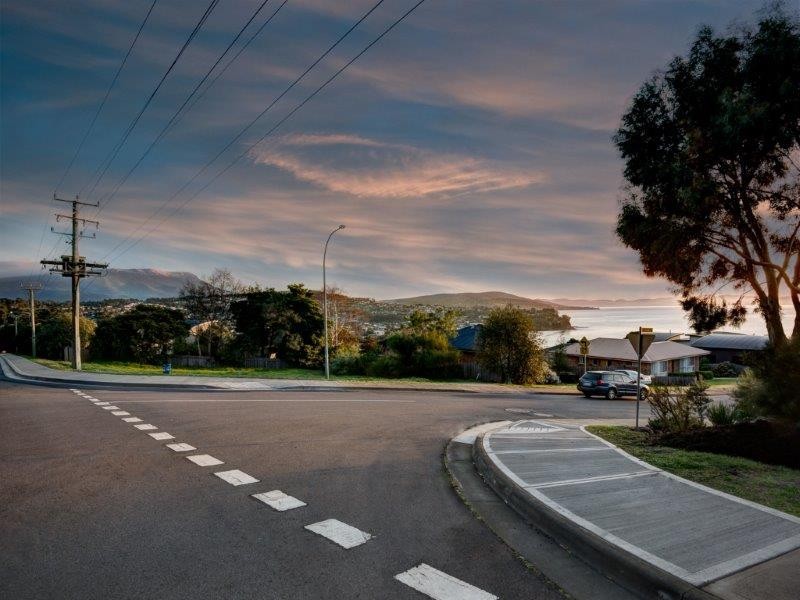 156 Wells Parade, Blackmans Bay TAS 7052
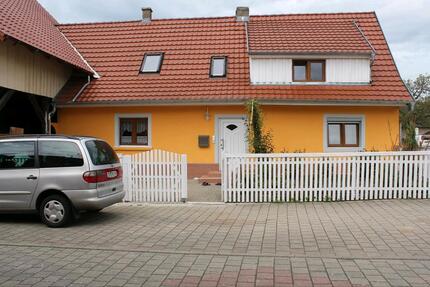Einfamilienhaus - 300.000,00&nbsp;EUR Kaufpreis, ca.&nbsp; 136,00&nbsp;m&sup2; in Rheinhausen (PLZ: 79365)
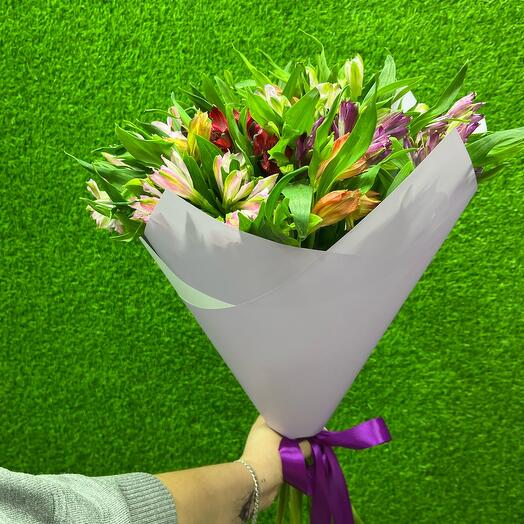 Букет из 15 альстромерий микс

########################################

Exercise: With the pictures removed, set down the entire listing exactly.

Solution below:
 156 Wells Parade, Blackmans Bay TAS 7052
Einfamilienhaus - 300.000,00&nbsp;EUR Kaufpreis, ca.&nbsp; 136,00&nbsp;m&sup2; in Rheinhausen (PLZ: 79365)
 Букет из 15 альстромерий микс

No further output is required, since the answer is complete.